I’ve told this story before. When I was a teenager the “running craze” was huge. One day my mother announced she was going to take up jogging. She and a friend met at the cinder track at the elementary school around 8am a few days a week. I think my mother wore deck shoes, jeans and a t-shirt. You didn’t need a lot of fancy clothing to take up jogging in the 70s. This lasted for a few months and then it petered out or maybe school started and they couldn’t use the track. I don’t remember.
One night the following January my mother stopped at my bedroom door and asked if I’d run with her in the morning. I was a high school senior and could best be described as “uncooperative” and “not a morning person”. I was unenthusiastic, but she was insistent. It was just for company. She’d wake me, make sure I got out of bed and go with me. I wouldn’t have to do anything. I reluctantly agreed and she woke me early the next morning - a very cold and snowy February 1st. It was DARK.
I could hear the wind howling. Getting up was the last thing I wanted to do, but I got up and we did some “warm up” exercises she’d seen on the Today Show. I went out the door dressed in my older brother’s ancient hand knit sweater with the reindeer on it (hand knit by mom), some sweat pants, a hat and mittens. I think I wore my Converse sneakers. I know I didn’t have “running shoes” until later in the year when I got a pair of coveted New Balance with money from my grandfather.
After a few weeks we established a pattern. We’d jog to “the tree”, an old willow about a half-mile from our house, then I would continue on to the gas plant another half mile or so up the road.

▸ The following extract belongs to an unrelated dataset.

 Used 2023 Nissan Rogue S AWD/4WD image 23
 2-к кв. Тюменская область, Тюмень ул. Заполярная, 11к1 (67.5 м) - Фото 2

Mom would walk for a bit. We’d both turn around and meet back somewhere near the tree and jog home together. This continued five days a week until fall when I left for college in Ohio.
One day my mom called me in Ohio to tell me she hadn’t had a cigarette in two months. Think about it, she’d taken up jogging without giving up smoking. The 70s were confusing. In the winter I transferred to a college back home and we continued our morning routine, only now it was different. Somewhere along the line I had become a runner and my mother had become a walker.

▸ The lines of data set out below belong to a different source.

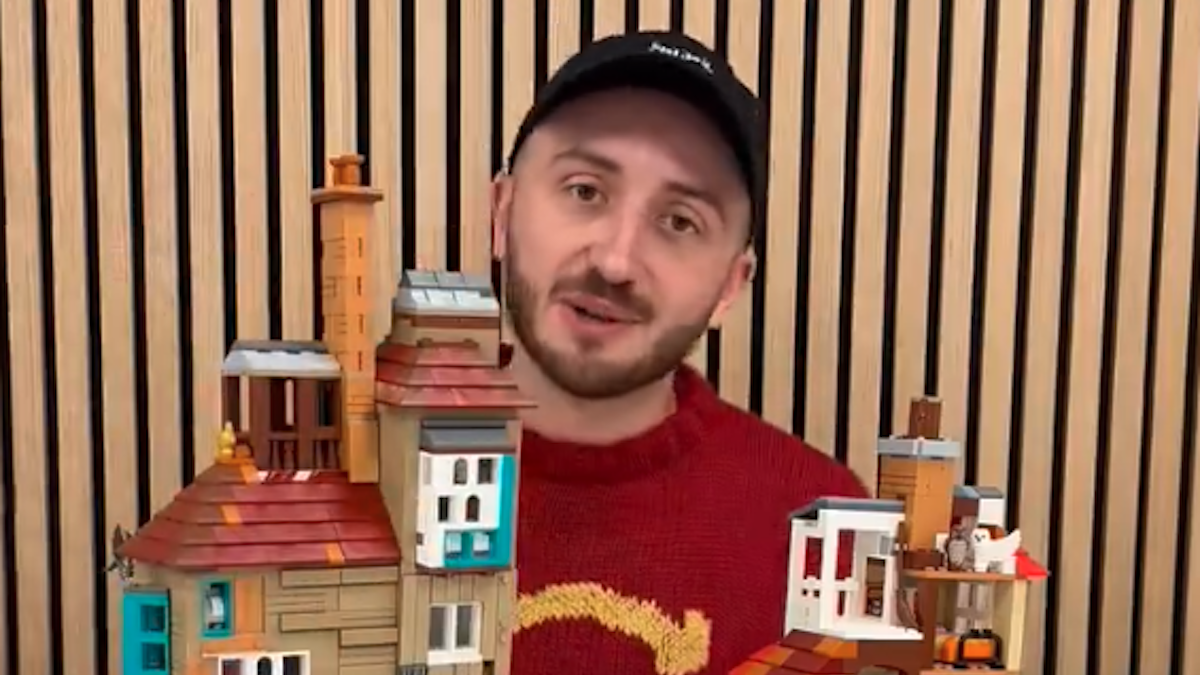 See both LEGO Harry Potter Burrows side by side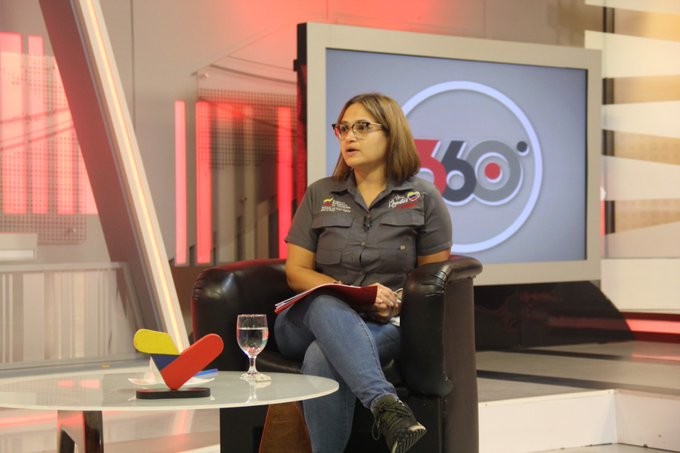 Somosivss's tweet photo. #ResumenIVSS | La ministra de Salud y pdta. del IVSS @MagaGutierrezV informó que el pasado #9Jul se conformaron las Brigadas Comunitarias Militares de Salud para atender toda la infraestructura hospitalaria. #JuntosPorCadaLatido

@NicolasMaduro https://t.co/CGnn1WhLxE
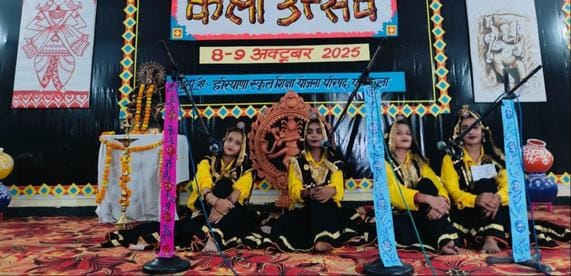 Students spread the colors of culture in the art festival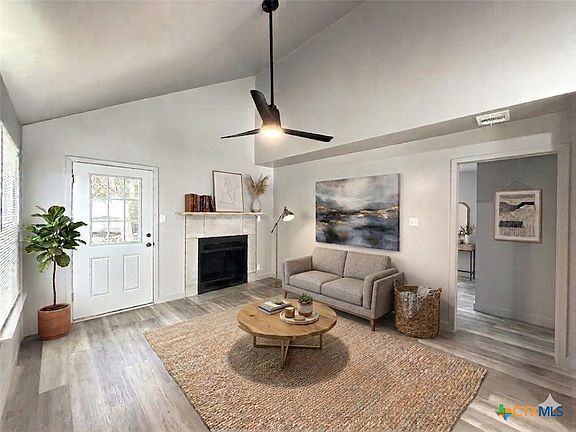 4th image of 2115 Caprice Dr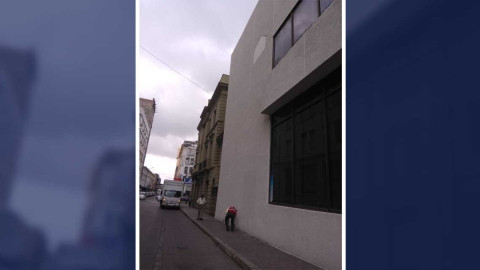 Se desprende revoque de fachada de Bancomer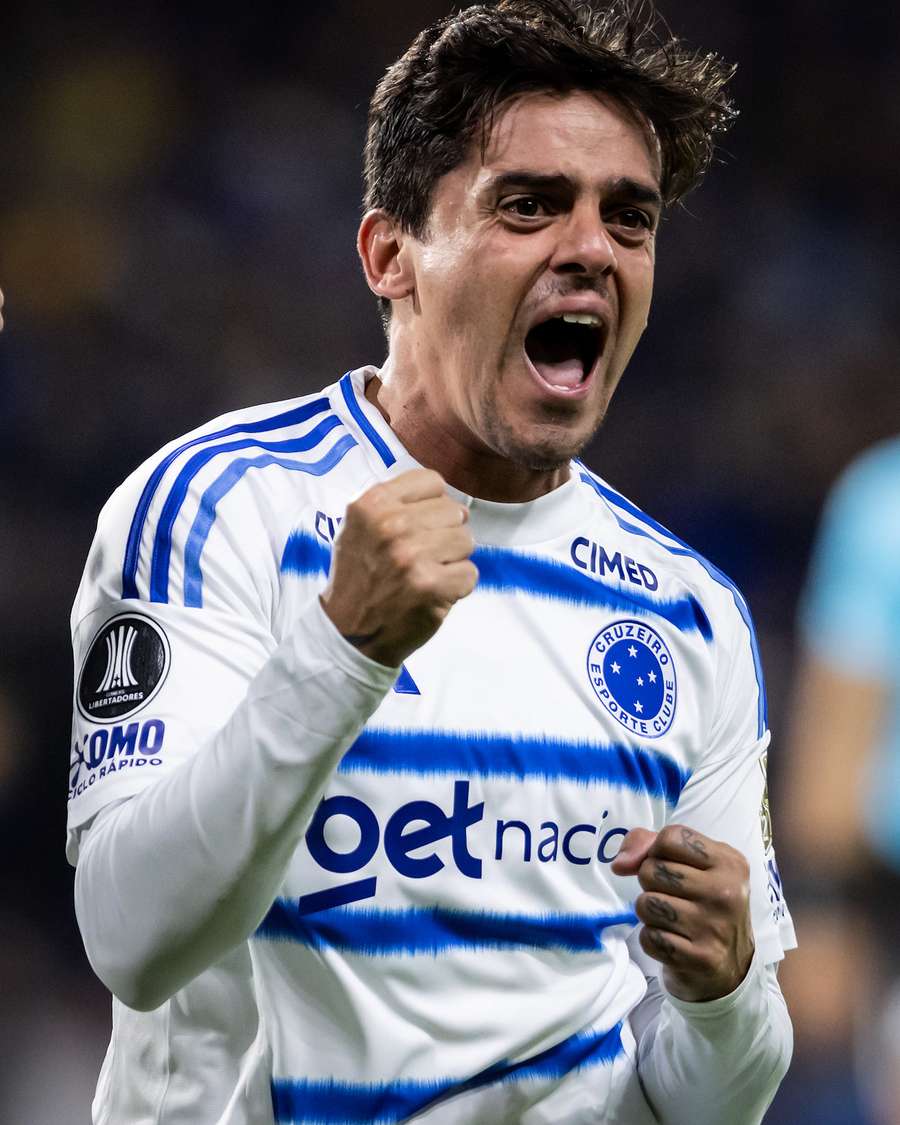 Fagner marcou em Boca Juniors 1x1 Cruzeiro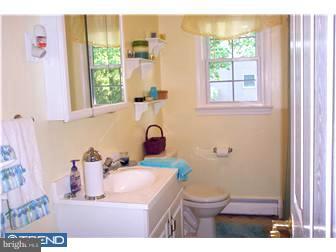 1900 Rancocas Road Burlington, NJ 08016 - Photo 8 of 11 Bathroom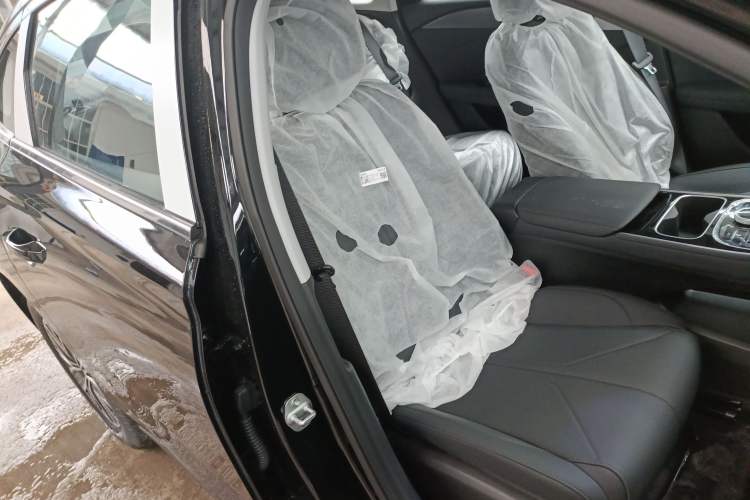 Used Geely Galaxy Galaxy Stellar 6 2026 Model 125km Free-Style Edition
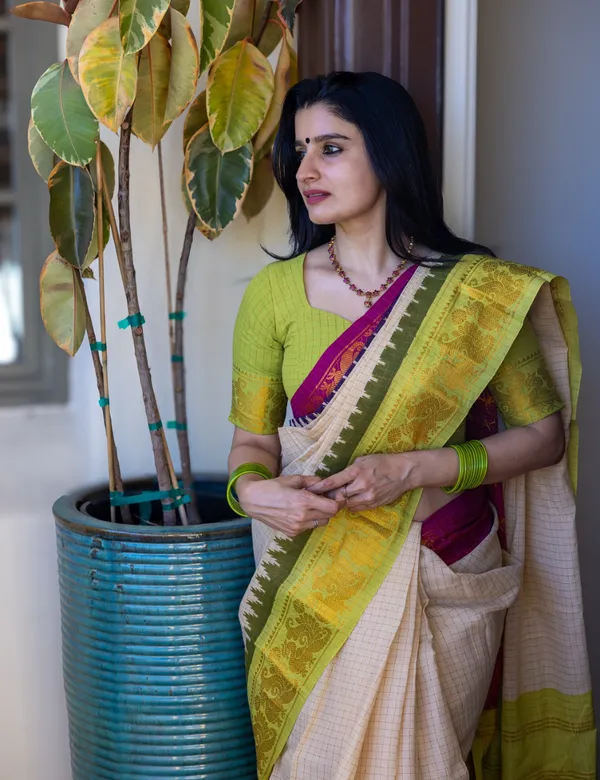Half_White_Premium_Cotton_Saree_For_Women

Forty years later, I’m still a runner and she’s still a walker. It took me years to realize that she started jogging only two days after her 40th birthday. She quit smoking when her eldest daughter left for college. Her response to these milestones in her life was positive and affirming although I’m sure she struggled with them.
Even at eighty my mother is still always moving forward. I used to say the best gift she ever gave me was the gift of running; it’s helped me through a lot of difficult times and I enjoy it every time I go. But, there was another gift in there, the gift of meeting challenges and going forward whether you’re walking or you’re running.